Well, it is a privilege and a great honour to be appointed as amicus by the Hon’ble Supreme Court of India and I am fortunate enough to play this role in my small legal career. As the Service matter is still pending consideration before the Hon’ble Supreme Court it would not be possible for me to discuss it.

However, in comparison to usual courtroom battles, there is definitely a different sense of pride within you when the court recognizes you and shares the burden of responsibility on your shoulders. As an amicus you have to act as a “friend of the Court” and your endeavour must be to guide the court with all the facts and laws to reach every possible way of finding the right solution both for the Court and the litigant.

Your journey involves work with a diverse range of legal matters. If you were to give advice to your younger self starting in the legal profession, what would it be, considering both the professional and personal aspects of your career?


I still remember in my initial days I attended a chamber matter before Hon’ble Mr. Justice Amitava Roy. My matter was listed as Item No. 12 and all the matters that were listed were for the reason of not curing the defects, for that reason the matters were pending in the registry.

During Item 1 to 10, I observed that in every Item Your Lordship was asking how much time you need to cure the defects and the Advocates were asking for 6 weeks, some asked for 4 weeks or 3 weeks time, the court was strictly taking Action against the advocates for not curing the defects timely and in almost every matter your lordship were passing order “as a Last opportunity counsel is given 2 weeks to cure the defects, failing which the Special Leave Petition will stand dismissed”

In item 11 your lordship had again asked “how much time” counsel replied “4 weeks”, and the Court said “2 weeks and failing which the Special Leave Petition will stand dismissed” with a comment “pull up your socks”.

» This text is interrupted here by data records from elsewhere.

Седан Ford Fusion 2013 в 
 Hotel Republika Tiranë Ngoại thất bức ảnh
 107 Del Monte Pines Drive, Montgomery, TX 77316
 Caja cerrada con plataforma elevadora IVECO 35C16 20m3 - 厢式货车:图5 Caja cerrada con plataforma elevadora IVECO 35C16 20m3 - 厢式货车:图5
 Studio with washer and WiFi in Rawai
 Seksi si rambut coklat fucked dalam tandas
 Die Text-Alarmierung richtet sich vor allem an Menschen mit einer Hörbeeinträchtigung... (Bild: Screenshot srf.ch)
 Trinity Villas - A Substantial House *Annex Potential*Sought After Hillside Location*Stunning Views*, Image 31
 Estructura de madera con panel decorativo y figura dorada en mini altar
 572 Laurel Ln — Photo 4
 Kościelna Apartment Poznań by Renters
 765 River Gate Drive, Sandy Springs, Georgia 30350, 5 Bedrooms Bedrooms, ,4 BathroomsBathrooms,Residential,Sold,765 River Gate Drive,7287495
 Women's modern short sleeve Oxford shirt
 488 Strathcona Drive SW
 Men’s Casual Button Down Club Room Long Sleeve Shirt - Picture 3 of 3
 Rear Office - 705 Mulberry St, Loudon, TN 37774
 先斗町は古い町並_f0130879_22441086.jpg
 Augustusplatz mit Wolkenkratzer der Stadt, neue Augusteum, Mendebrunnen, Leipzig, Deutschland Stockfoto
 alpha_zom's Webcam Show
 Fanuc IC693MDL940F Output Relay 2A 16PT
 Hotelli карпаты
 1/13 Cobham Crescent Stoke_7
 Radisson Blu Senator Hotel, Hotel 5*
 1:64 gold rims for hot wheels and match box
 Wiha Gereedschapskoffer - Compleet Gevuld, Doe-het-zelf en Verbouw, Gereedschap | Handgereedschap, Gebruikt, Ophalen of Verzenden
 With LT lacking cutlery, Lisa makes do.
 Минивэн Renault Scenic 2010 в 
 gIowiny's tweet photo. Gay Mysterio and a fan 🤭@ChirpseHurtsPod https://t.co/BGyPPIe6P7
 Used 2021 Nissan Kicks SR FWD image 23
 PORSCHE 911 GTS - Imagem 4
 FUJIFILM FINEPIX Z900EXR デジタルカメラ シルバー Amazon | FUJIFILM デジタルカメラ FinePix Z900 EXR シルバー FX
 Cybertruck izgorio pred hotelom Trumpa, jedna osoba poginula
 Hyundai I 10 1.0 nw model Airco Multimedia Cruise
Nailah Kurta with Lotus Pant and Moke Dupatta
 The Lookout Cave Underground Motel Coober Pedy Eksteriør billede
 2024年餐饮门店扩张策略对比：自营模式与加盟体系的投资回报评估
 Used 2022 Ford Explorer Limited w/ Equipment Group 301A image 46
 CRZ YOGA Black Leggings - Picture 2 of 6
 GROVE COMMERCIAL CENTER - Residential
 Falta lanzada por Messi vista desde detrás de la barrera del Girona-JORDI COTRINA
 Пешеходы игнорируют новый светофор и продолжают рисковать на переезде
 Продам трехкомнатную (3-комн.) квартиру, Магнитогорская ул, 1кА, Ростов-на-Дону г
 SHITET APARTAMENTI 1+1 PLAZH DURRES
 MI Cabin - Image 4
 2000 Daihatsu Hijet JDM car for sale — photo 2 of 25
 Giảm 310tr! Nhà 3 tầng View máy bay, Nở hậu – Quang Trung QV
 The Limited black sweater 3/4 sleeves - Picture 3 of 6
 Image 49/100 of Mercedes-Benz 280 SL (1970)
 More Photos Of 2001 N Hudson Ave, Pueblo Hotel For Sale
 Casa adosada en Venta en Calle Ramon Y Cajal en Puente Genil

When item 12 was called out I walked towards the desk and was asked by Your Lordship “Yes sailing in the same Boat, how much time do you need” I replied It is my fault for not curing the defects timely and I leave it to my lords any time as would be directed I would cure the defects” and in response, an order “6 weeks’ time granted to cure the defects”, without any condition of dismissal. 

In short, it is very important to read the mind of the court and decide in what manner you can drive the court in your favor.


My message to the readers is: Be patient, and be diligent as this profession does not give any overnight success stories. This profession sometimes also demands sacrifices, as I can relate with those who come from outside the city in the hope of fulfilling their dreams, “you might lose many things but believe me you will achieve everything”. In the end I can only share the slogan by Great Swami Vivekananda:

उत्तिष्ठत जाग्रत प्राप्य वरान्निबोधत,क्षुरासन्न धारा निशिता दुरत्यद्दुर्गम पथ: तत् कवयो वदन्ति |

Arise! Awake! Approach the great and learn. Like the sharp edge of a razor is that path, so the wise say—hard to tread and difficult to cross.